» **INPUT DATA**
------------------------------

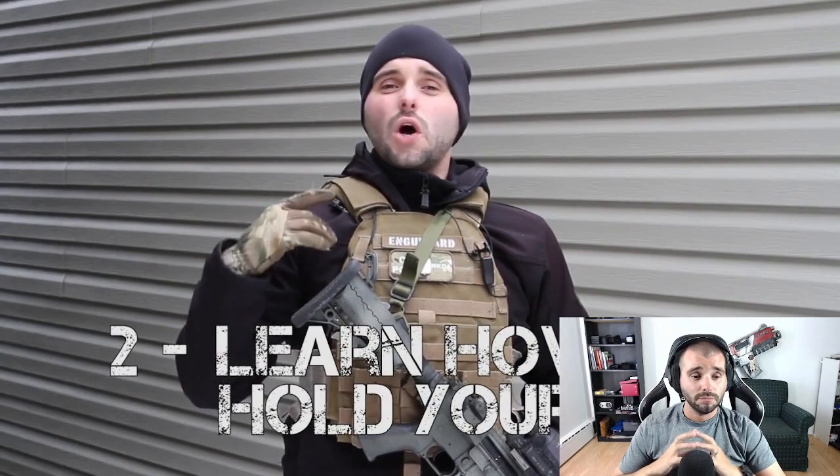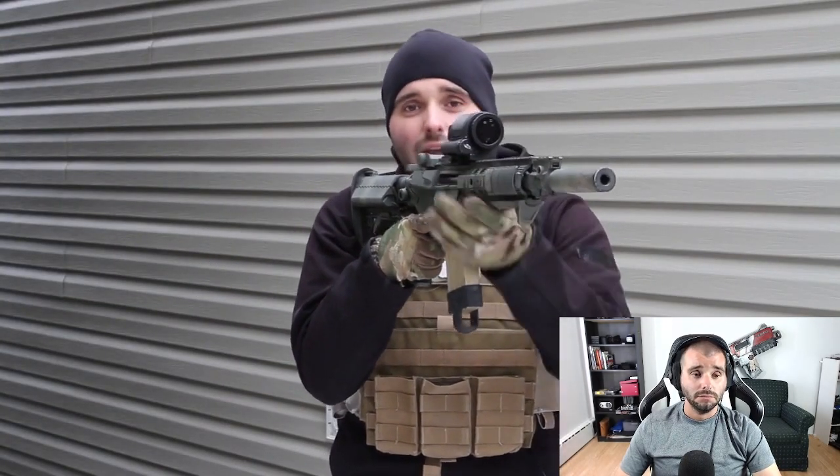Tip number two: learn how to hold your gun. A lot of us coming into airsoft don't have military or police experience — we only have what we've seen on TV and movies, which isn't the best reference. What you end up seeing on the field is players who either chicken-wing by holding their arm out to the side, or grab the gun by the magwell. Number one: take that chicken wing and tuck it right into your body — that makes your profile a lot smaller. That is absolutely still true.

------------------------------

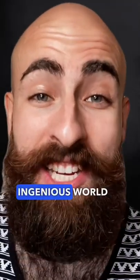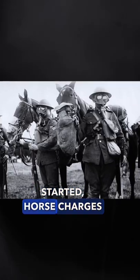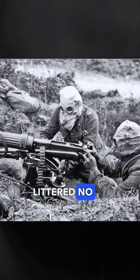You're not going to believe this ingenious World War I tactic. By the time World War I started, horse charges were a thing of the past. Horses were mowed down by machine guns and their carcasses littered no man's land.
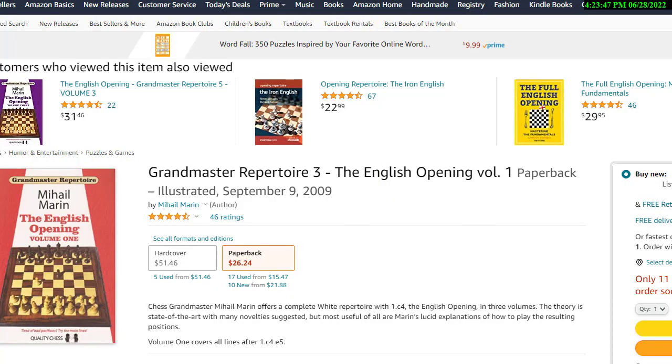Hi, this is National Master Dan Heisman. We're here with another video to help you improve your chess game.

------------------------------

» **WORK TO COMPLETE**
In the listing above, find the line with "You're not going" and output every line through the one with "Hi, this is", exactly, without the pictures.

» **RESPONSE AREA**
You're not going to believe this ingenious World War I tactic. By the time World War I started, horse charges were a thing of the past. Horses were mowed down by machine guns and their carcasses littered no man's land.
Hi, this is National Master Dan Heisman. We're here with another video to help you improve your chess game.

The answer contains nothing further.